Fuel for OpenStack

Pacemaker does not start MySQL in the right order after simultaneous MySQL killing on all controller nodes

Bug #1652008 reported by Aleksei Shishkin on 2016-12-22

This bug affects 2 people

	Status	Importance	Assigned to	Milestone
Fuel for OpenStack	Fix Committed	High	Vladimir Kuklin	Fuel for OpenStack 11.0
Mitaka	Fix Released	High	Vladimir Kuklin	Fuel for OpenStack 9.2
Newton	Fix Released	High	Sergii Golovatiuk	Fuel for OpenStack 10.1
Ocata	Fix Committed	High	Vladimir Kuklin	Fuel for OpenStack 11.0

Bug Description

Detailed bug description:
After simultaneous mysqld process killing on all controller nodes, Pacemaker detects that only one MySQL database is in Stopped state and tries to start in and join it to the Galera cluster (where no other MySQL instances really exist).

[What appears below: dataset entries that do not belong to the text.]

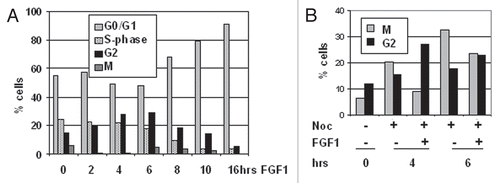 Figure 1 FGF causes an immediate, transient delay in mitotic entry in RCS cells. (A) FACScan™ analysis of RCS cells treated with FGF1 and harvested at the indicated periods of time. Mitotic cells were stained with anti-phospho-histone H3(S10) antibodies. Numbers on the Y-axis indicate percentage of total cells in G1, S, G2 and M phases. (B) RCS cells were treated with either Nocodazole alone or together with FGF1. Only changes in the levels of G2 and M phases are indicated. The data are representatives of several independent experiments with the same results.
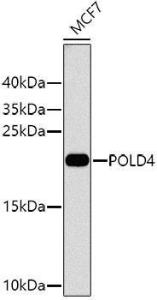 Anti-POLD4 Rabbit Polyclonal Antibody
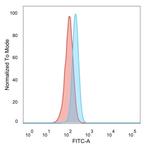 RBMS2/SCR3 Antibody in Flow Cytometry (Flow)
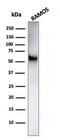 CD86 antibody, GTX02615, GeneTex, Western Blot image 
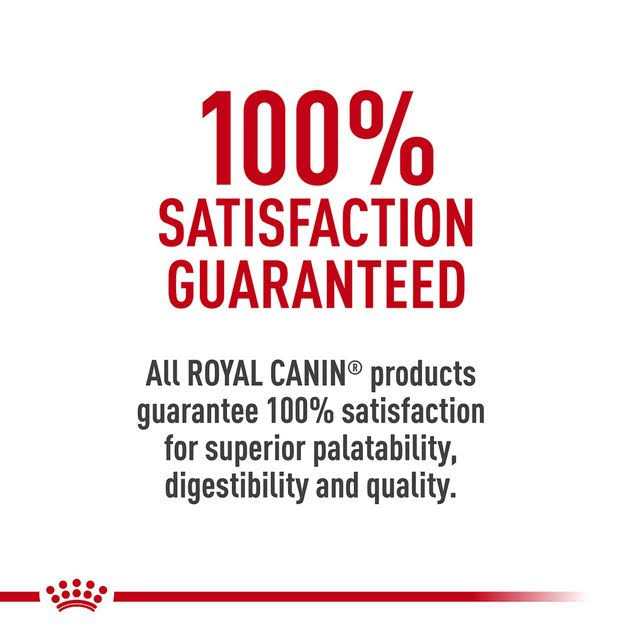 Hydrolyzed Protein Feline Treats A872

Only after resource start timeout Pacemaker detects that all nodes are in stopped state and tries to start them in proper order.

Steps to reproduce:
From Fuel master run next commands:
fuel node | grep controller | awk '{print $10}' > controllers.list
for i in $(cat controllers.list); do ssh $i 'pkill -KILL -f mysqld' ; done

Expected results:
Pacemaker detects that MySQL database on all controller nodes are in stopped state.
Pacemaker starts MySQL database on all controller nodes in proper order and join it to Galera cluster.

Actual result:
Pacemaker detects that MySQL database is in stopped state only on one controller node.
Pacemaker tries to start MySQL database only on one controller node.
Start operation fails after resource start timeout because no other nodes available in the Galera cluster.
Pacemaker detects that MySQL database on all controller nodes are in stopped state.
Pacemaker starts MySQL database on all controller nodes in proper order and join it to Galera cluster.

Reproducibility:
Stably

Workaround:
No workaround exists

Impact:
MySQL cluster recovery takes longer than expected (by the value of the resource start timeout)

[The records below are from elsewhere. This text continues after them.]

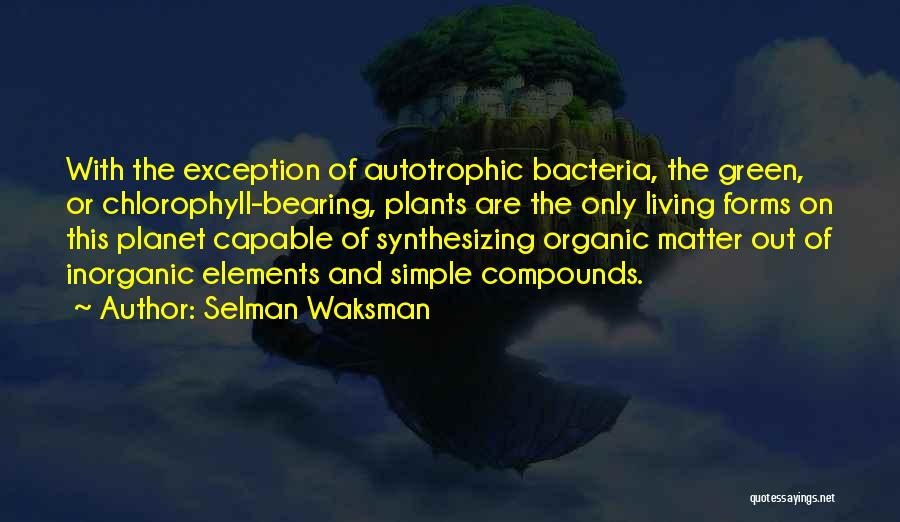 Selman Waksman Quotes: With The Exception Of Autotrophic Bacteria, The Green, Or Chlorophyll-bearing, Plants Are The Only Living Forms On This Planet Capable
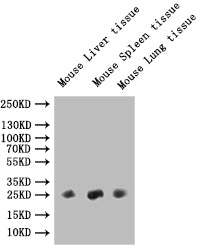 Western Blot Positive WB detected in: Mouse Liver tissue lysate, Mouse Spleen tissue lysate, Mouse Lung tissue All lanes: Fgf15 antibody at 1:1000 Secondary Goat polyclonal to rabbit IgG at 1/50000 dilution Predicted band size: 26 kDa Observed ban...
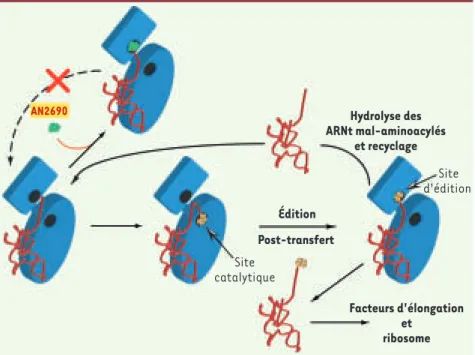 Figure 1. Mode d’action du AN2690. L’enzyme amino-acyl-ARNt synthétase est représentée en  bleu, l’ARNt en rouge et l’acide aminé en jaune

Description of the environment:
Versions of components: Mirantis OpenStack 9.x from the Master branch (drop week 44)

Tags:

Sergii Golovatiuk (sgolovatiuk) on 2016-12-22

Changed in fuel:
importance:	Undecided → High

Sergii Golovatiuk (sgolovatiuk) on 2016-12-22

Changed in fuel:
status:	New → Confirmed

Revision history for this message

Vladimir Kuklin (vkuklin) wrote on 2016-12-22:

Aleksey, so which behaviour is unexpected here? Pacemaker has cadence of monitoring and notices the first failure, tries to start things, fails and then assembles it on the second attempt. This is expected behaviour of how Pacemaker handles failures. We may want to play with timeouts to change the probability distribution here.

Still, this is an expected behaviour for Pacemaker and I do not see any bug here, unless we provide more detailed criteria on recovery time.

If the bug still persists, the only candidate for regression is

https://github.com/openstack/fuel-library/commit/dda74618cd03aa2720afe8b0980947bf735dd6b2

But this behaviour is configurable, e.g. we can set binary parameter for mysql resource back to mysqld_safe and see whether the issue is gone.

Summary

1. We need strict criteria for recovery time that is violated
2. Please test changing the resource binary in pacemaker configuration to mysqld_safe and report whether it helps

Changed in fuel:
status:	Confirmed → Incomplete

Sergii Golovatiuk (sgolovatiuk) on 2016-12-22

Changed in fuel:
status:	Incomplete → Confirmed

Revision history for this message

Aleksei Shishkin (ashishkin) wrote on 2016-12-29:

Download full text (3.4 KiB)

Vladimir, I have tested changing of the resource binary in pacemaker configuration to mysqld_safe and back to mysqld - there is no sensible difference in cluster recovery time.

My concern is that we have to wait for p_mysqld resource start timeout before mysql recovery will be started. It would be great if we can improve the OCF script to start cluster recovery immediately without waiting for start timeout of the MySQL instance which was not supposed to be started (because no other MySQL instances exist in Galera cluster to join it). From my point of view, current behaviour is not very logical (and therefore it caused the criticism from the customer side).
Also I know some cases when p_mysqld resource start timeout was increased by customer up to 20 minutes due to big MySQL database size (usually caused by Zabbix database) to successfully complete replication of entire database during MySQL cluster recovery. In this case restoring of the database can take quite a significant time.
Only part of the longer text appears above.